In order to show (c), I know that I need to show that for every element, y $\in$ $B$, y $\in$ $f$($A$). I take $y$ to be arbitrary and show $y$ $\in$ $f$($A$) by showing it is in the universal set and that it satisfies the given condition. So, I pick some $y$ $\in$ $B$, namely, y = $\frac{2x-1}{3x+2}$ and solve for $x$ to get $x$ = $\frac{2y+1}{3y+2}$. I am unsure of how to proceed from here to show that y $\in$ $f$($A$) and that it satisfies the condition.
On
You have made a mistake in calculating $x$. You should get $x=\frac {2y+1} {2-3y}$. Given $y \neq \frac 2 3$ you have to show that $x$ obtained from $x=\frac {2y+1} {2-3y}$ belongs to $A$ which means $x \neq -\frac 2 3$. Prove this by contradiction.
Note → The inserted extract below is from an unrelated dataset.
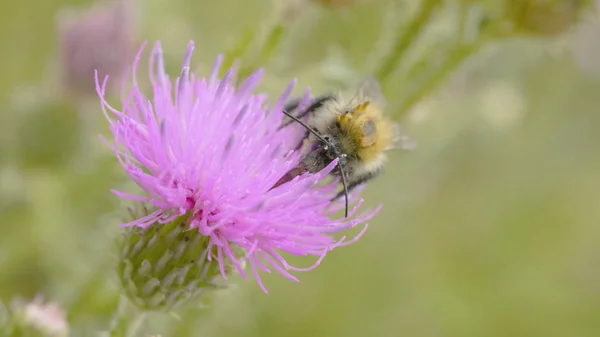 Bir arı nektarı mor cosmos çiçek, toplama makro — Stok fotoğraf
Suppose $x=-\frac 2 3$. Then $-2(2-3y)=3(2y+1)$ which simplfies to $-4=3$ which is a contradiction.
You get $x=\dfrac{2y+1}{2-3y}$. Just plug this into $f(x)$ to show the output is $y$ which shows $y\in f(A)$. Also observe $y\neq\dfrac23$ as $x$ will be undefined. Hence $y\in A$.